Het is wel een ingewikkelde operatie. De staalrollen komen per trein naar Kaldenkichen, worden daar gelost, daarna in vrachtwagens geladen en 5 kilometer verderop bij Nedri weer gelost. Zijn er in Venlo onvoldoende mogelijkheden? Of is het extra vrachtwagenvervoer uiteindelijk goedkoper dan de trein naar Nederland door te laten rijden?

Nieuws is dat, naar iemand weet te vertellen, de hele spoorzone inmiddels zou zijn opgekocht door Cabooter uit Blerick, die voornemens is er een containerterminal te vestigen. Kennelijk is vervoer van Nederlandse containers vanaf Duits grondgebied goedkoper dan vanaf Nederland. Men is al bezig de oude loodsen (“Schuppen”) uit te ruimen, waarna ze gesloopt zullen worden. Het zal weer druk worden in Kaldenkichen, de stad krijgt er een prachtig bedrijf bij, maar tegelijkertijd gaat er een prachtig stuk spoorwegromantiek verloren. 

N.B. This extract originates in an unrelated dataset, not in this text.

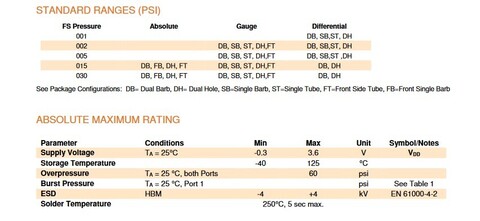 Датчик воздушной скорости Holybro MS5525DSO для Pixhawk (PT40 Pitot Tube)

Later die dag sta ik tussen Venlo en Kaldenkirchen in het bos, wachtend op de LOCON-retracktrein die om 16:15 in Kaldenkirchen hoort te vertrekken. Hij rijdt niet of in elk geval niet op tijd. Wat er wel langs komt is de containershuttle uit Melzo (20 km ten oosten van Milaan) naar Cabooter in Blerick. Om 16:35 komt hij door. Op een zaterdag staan er drie van deze treinen in de dienstregeling: de 41022 (v. Kn 00:31), 21024 (v. Kn 23.20) en de 41032 (v. Kn 18:38). Welke trein dit is, of hij nu 16 uur te laat is of twee uur te vroeg, is niet te achterhalen. Feit is dat hij getrokken wordt door een BLS-loc, voor 100% gevuld is vooral met trailers van o.a. Wetron en containers en koelcontainers van Jan de Rijk. Deze trein levert toch maar weer mooi een besparing op van zo’n 30 vrachtautoritten naar Italië en daarmee een flinke vermindering van CO2-uitstoot. Carbooter is goed bezig! Het is niet ten onrechte dat de directeur van het bedrijf is uitgeroepen tot spoorman van het jaar 2015.